Michael Haggett looks back at a week when the Westminster and Scottish governments went head to head over the independence referendum
After David Cameron’s rather combative statements on the Andrew Marr programme last Sunday, I made sure that I was watching Michael Moore’s statement in the Commons on how the UK Government saw the referendum on independence for Scotland. It was notably much more woolly and much less definitive than I was expecting. In essence, all that’s happened is that they are launching a public consultation asking people for their opinions on what they should do. That document is available here.
There are many detailed points in it that could and no doubt will be discussed. I disagree with the contention that the Scottish Government cannot legally call a referendum, but acknowledge — as do the SNP themselves — that any referendum it could call under the Scotland Act would have to be phrased very carefully. The proposed wording in their 2010 paper was to ask whether:
“The [Scottish] Parliament’s powers should be extended to enable independence to be achieved.”

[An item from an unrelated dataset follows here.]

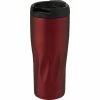Avenue Waves Copper Insulated Travel Mug - Red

So if the UK Government now wants to make it easier for the Scottish Parliament to ask a more straightforward question, I don’t see why anyone should object to it. In purely pragmatic terms it lessens the chance of any legal dispute, and therefore means that the debate can concentrate on political arguments rather than procedural ones. But that said, there is every reason to object to the ‘strings’ that the UK government seem to want to add to it.
In a sense, this is all a storm in a teacup. The Scottish government will continue to believe that they have the right to call a referendum, the Westminster government will continue to believe that only they can grant permission for it, and they can both go on believing what they do provided that the referendum goes ahead. Is Westminster going to quibble about the date? No. There’ll be a few mutterings about them wanting it earlier but they’ll let it stand at Autumn 2014. Is anyone going to worry about the wording of the question? No. It would have to be agreeable to both sides anyway, and those who are against independence in Holyrood aren’t going to have a different opinion from those who are against independence in Westminster. The only real question is over who will be eligible to vote.

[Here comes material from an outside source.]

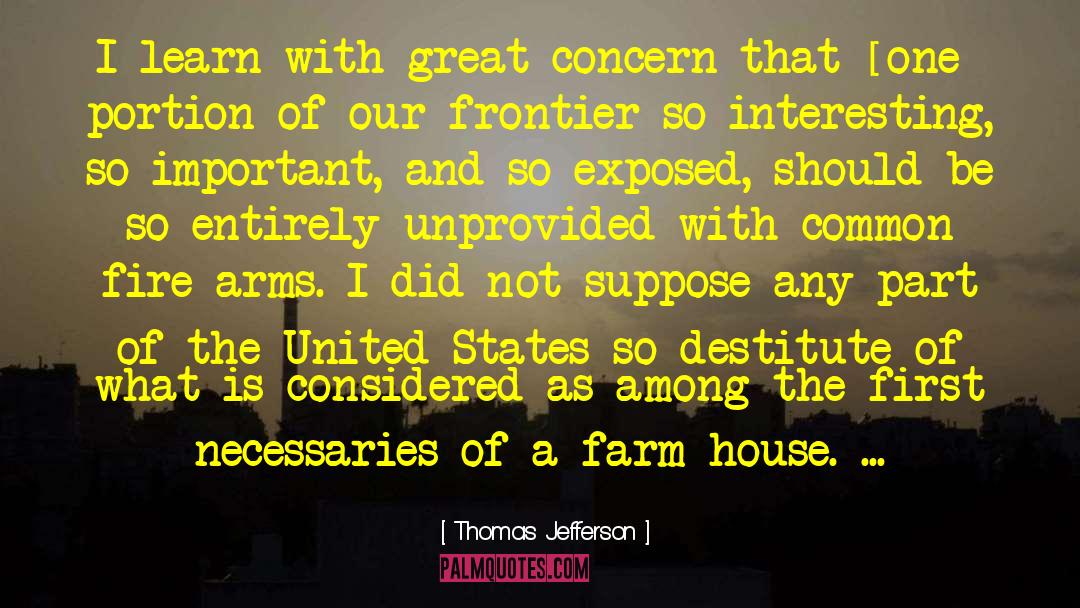 Sackrider Farms quotes by Thomas Jefferson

But the one thing that now appears not to be in doubt is that there won’t be an option for devo-max on the ballot paper. Of course, devo-max is not something that the SNP wants or is going to fight for. Their position has consistently been that they would consider including it as an option if there was broad public support for it, if it could be precisely defined, and if it was deliverable.
Whether Scotland becomes independent or not is a decision for Scotland alone irrespective of what the rest of the UK thinks. However, if Scotland was going to have a new constitutional settlement while remaining a part of the UK, this would need to be agreed with the rest of the UK. In practical terms, this means that the UK Parliament had to decide what it was and agree to implement it if that is what the Scots voted for.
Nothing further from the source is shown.